• _Problem requirements_: Given the entries below, would you transcribe exactly the lines starting at the one with "Formula One Car on Track — Gray, Dynamic" and ending at the one with "NWT Rae Dunn", both kept, pictures omitted, nothing extra?

• _Dataset excerpts_:
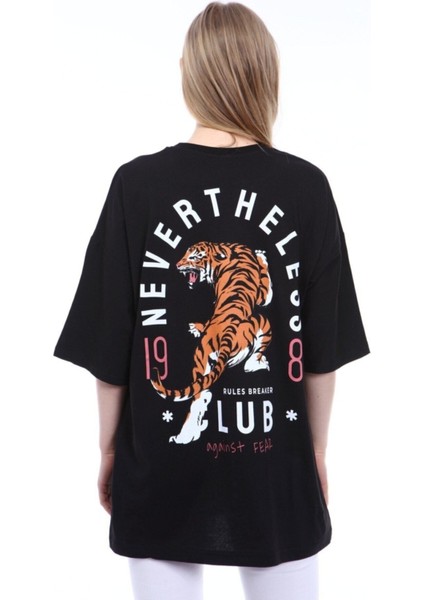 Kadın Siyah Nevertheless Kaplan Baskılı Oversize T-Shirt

...

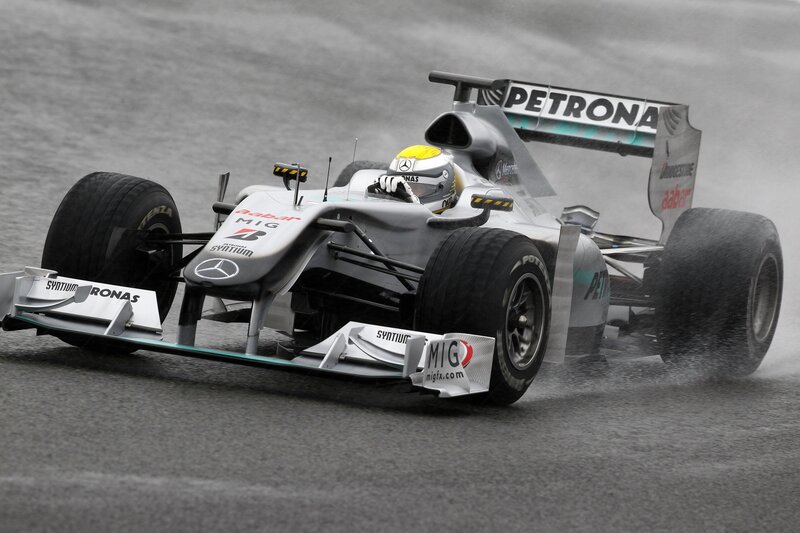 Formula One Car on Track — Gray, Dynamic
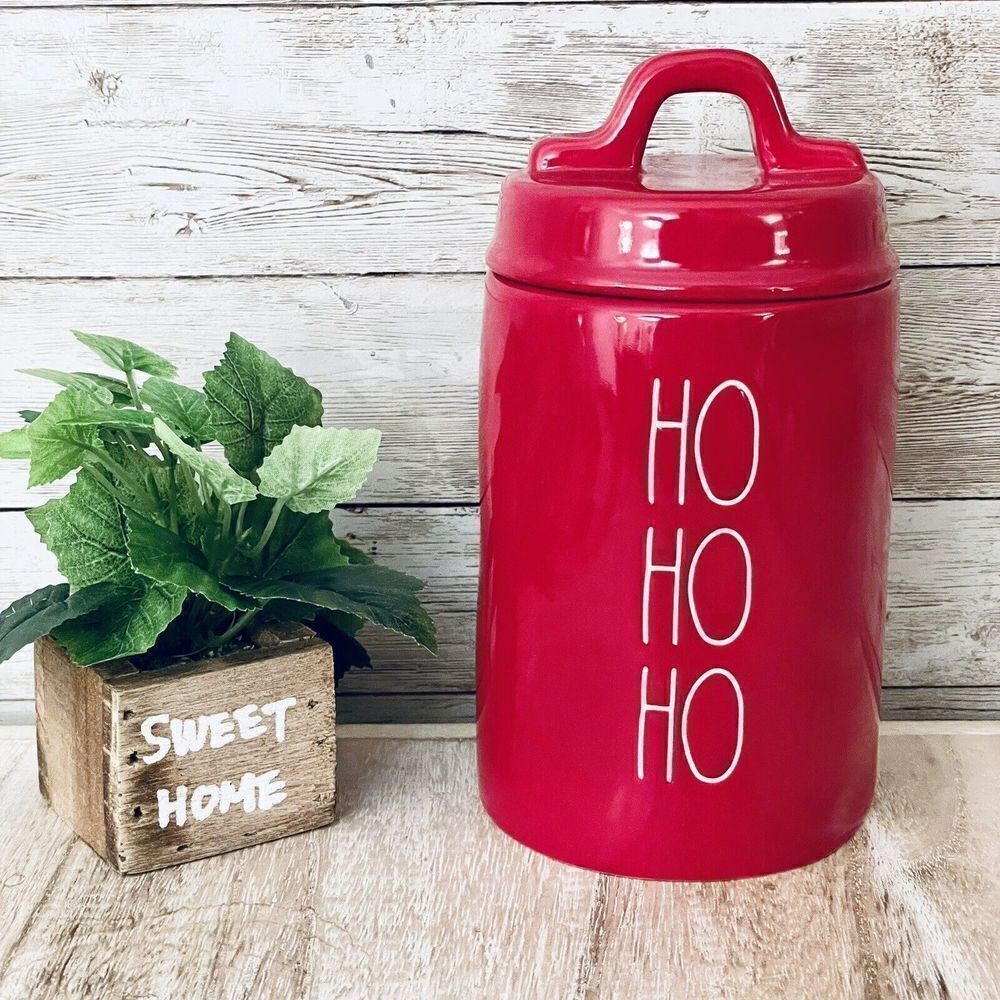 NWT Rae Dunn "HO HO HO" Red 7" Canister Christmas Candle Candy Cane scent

• _Answer to the exercise_:
 Formula One Car on Track — Gray, Dynamic
 NWT Rae Dunn "HO HO HO" Red 7" Canister Christmas Candle Candy Cane scent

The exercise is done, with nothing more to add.